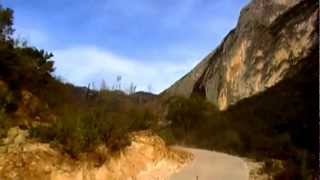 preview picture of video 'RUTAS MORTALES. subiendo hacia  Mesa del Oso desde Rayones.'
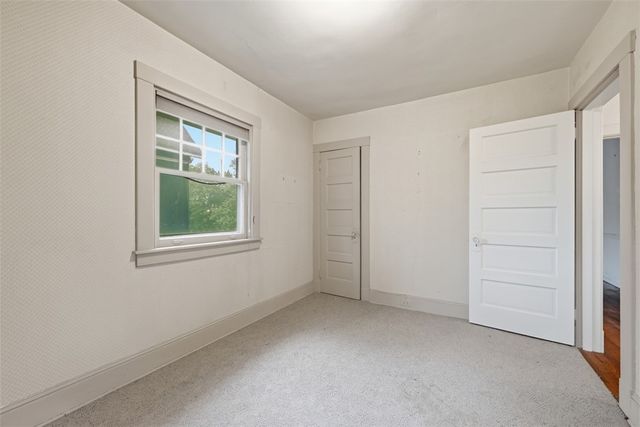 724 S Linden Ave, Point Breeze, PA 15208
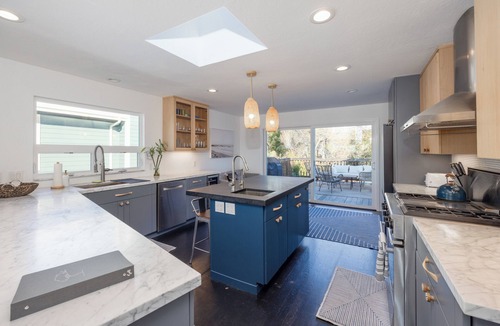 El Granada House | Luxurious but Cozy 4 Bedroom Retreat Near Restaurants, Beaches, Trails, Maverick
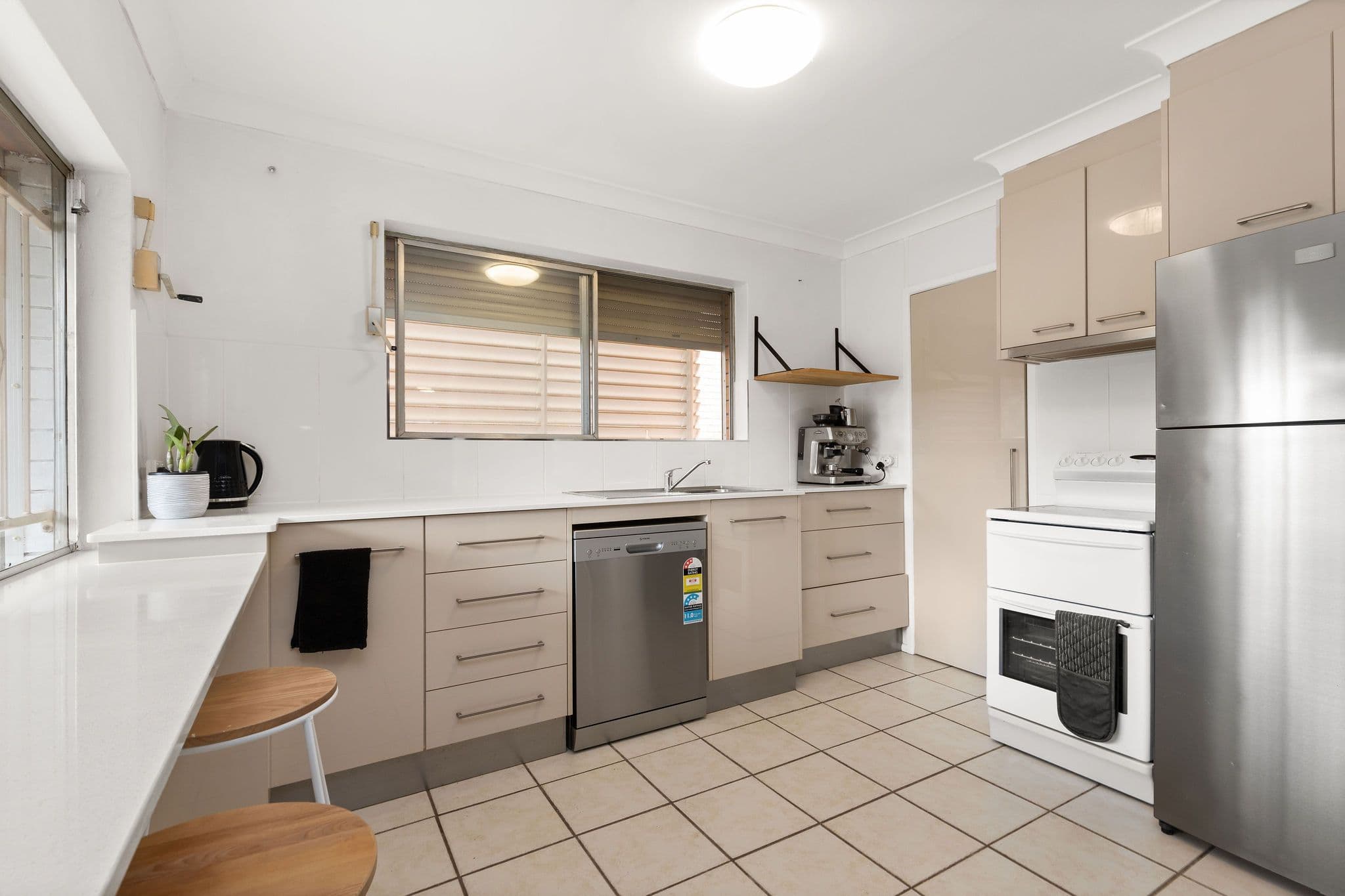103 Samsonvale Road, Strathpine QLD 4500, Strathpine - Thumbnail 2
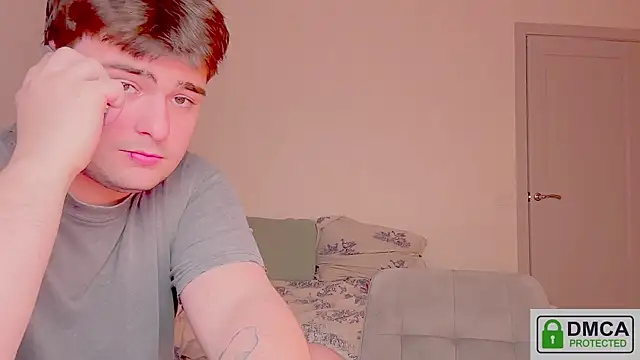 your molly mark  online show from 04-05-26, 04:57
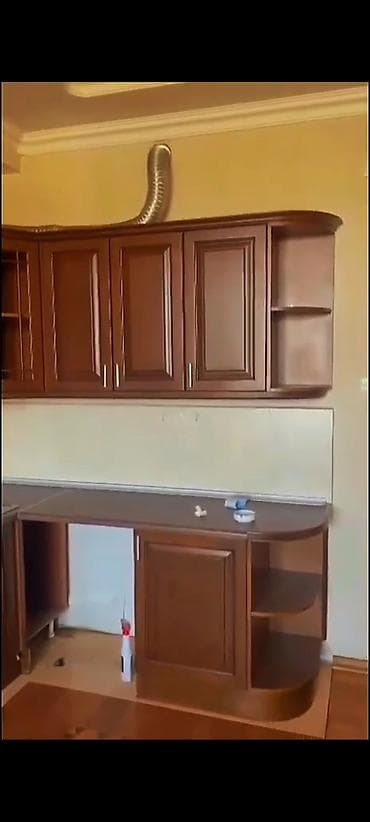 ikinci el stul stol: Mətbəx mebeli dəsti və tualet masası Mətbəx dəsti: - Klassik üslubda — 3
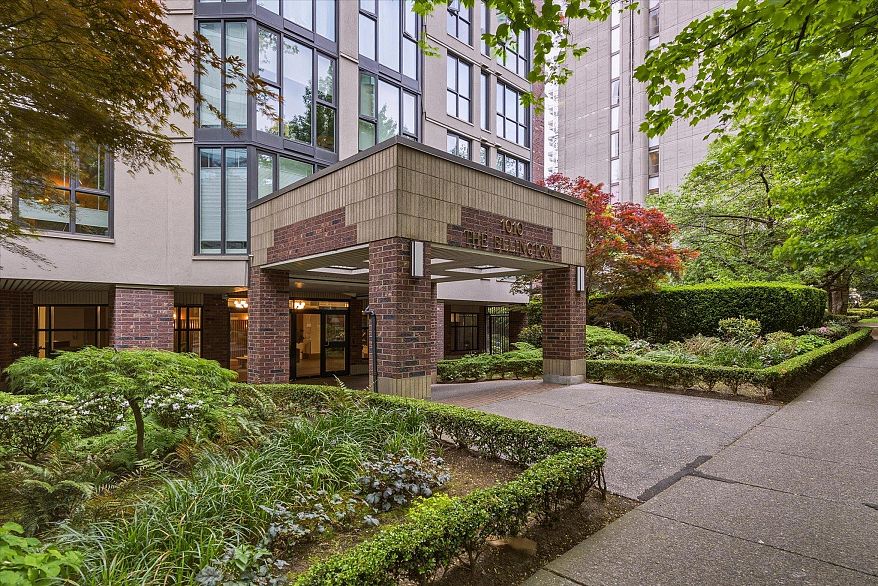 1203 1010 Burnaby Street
####
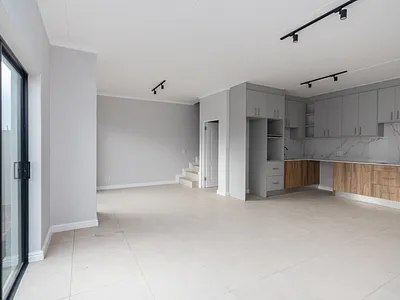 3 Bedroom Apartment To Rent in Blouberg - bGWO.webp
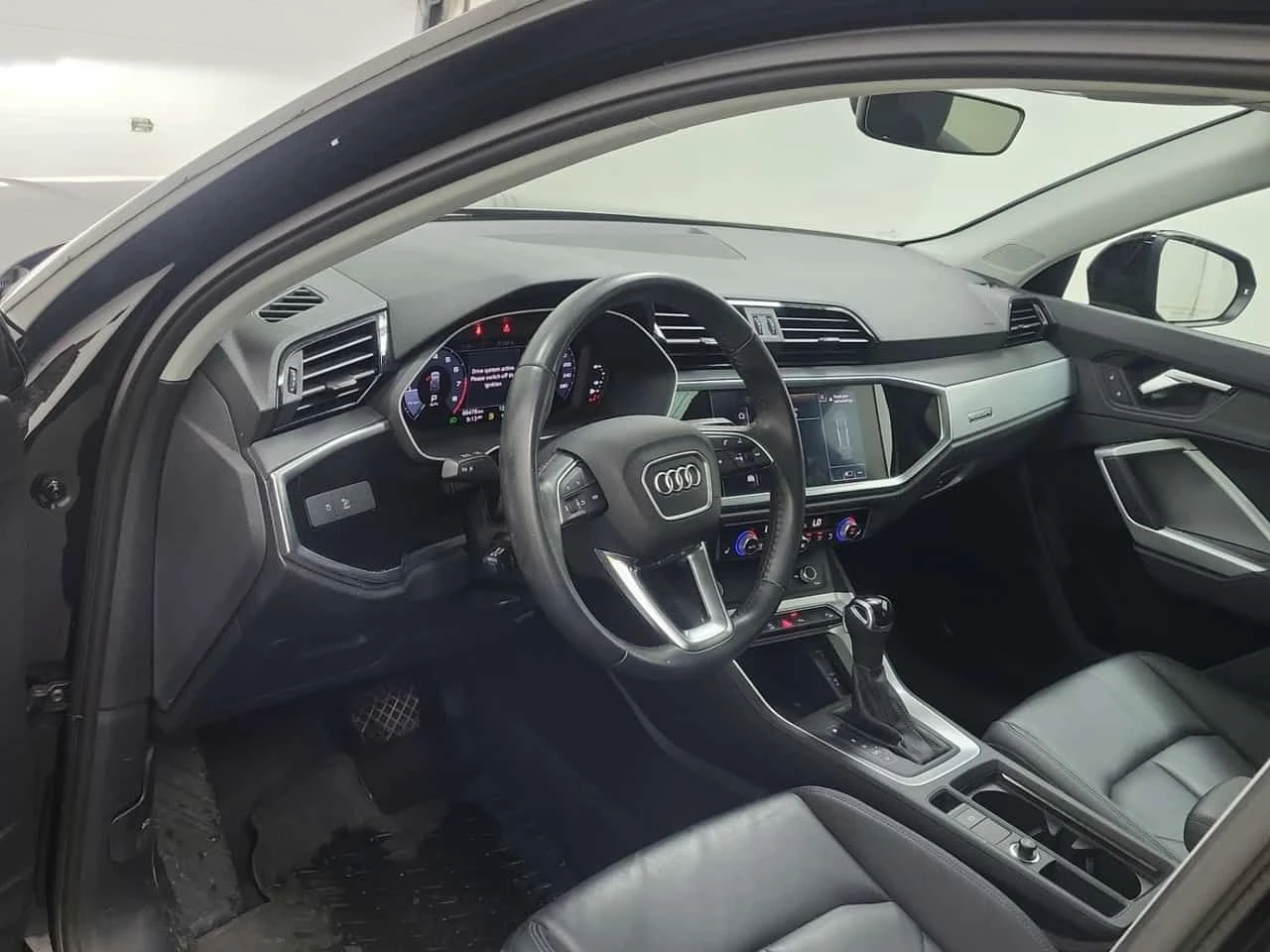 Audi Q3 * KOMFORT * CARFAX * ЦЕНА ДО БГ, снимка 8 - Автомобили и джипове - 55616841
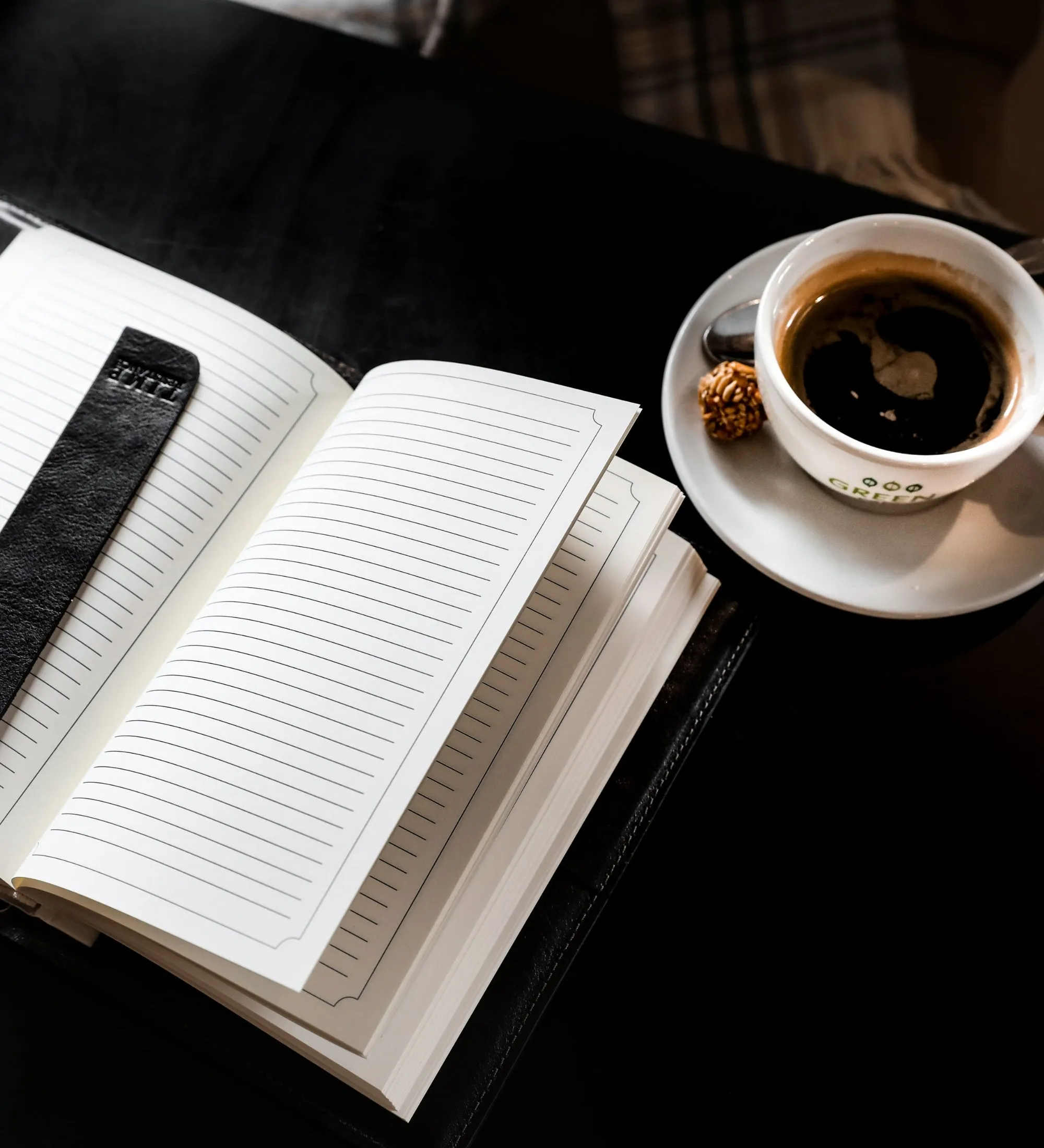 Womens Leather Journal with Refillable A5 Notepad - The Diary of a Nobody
####
** Problem **
Starting at the line containing "preview picture of" and stopping at the line containing "1203 1010 Burnaby Street", output every line above exactly, both ends included, with pictures omitted.

** Written response **
 preview picture of video 'RUTAS MORTALES. subiendo hacia  Mesa del Oso desde Rayones.'
 724 S Linden Ave, Point Breeze, PA 15208
 El Granada House | Luxurious but Cozy 4 Bedroom Retreat Near Restaurants, Beaches, Trails, Maverick
103 Samsonvale Road, Strathpine QLD 4500, Strathpine - Thumbnail 2
 your molly mark  online show from 04-05-26, 04:57
 ikinci el stul stol: Mətbəx mebeli dəsti və tualet masası Mətbəx dəsti: - Klassik üslubda — 3
 1203 1010 Burnaby Street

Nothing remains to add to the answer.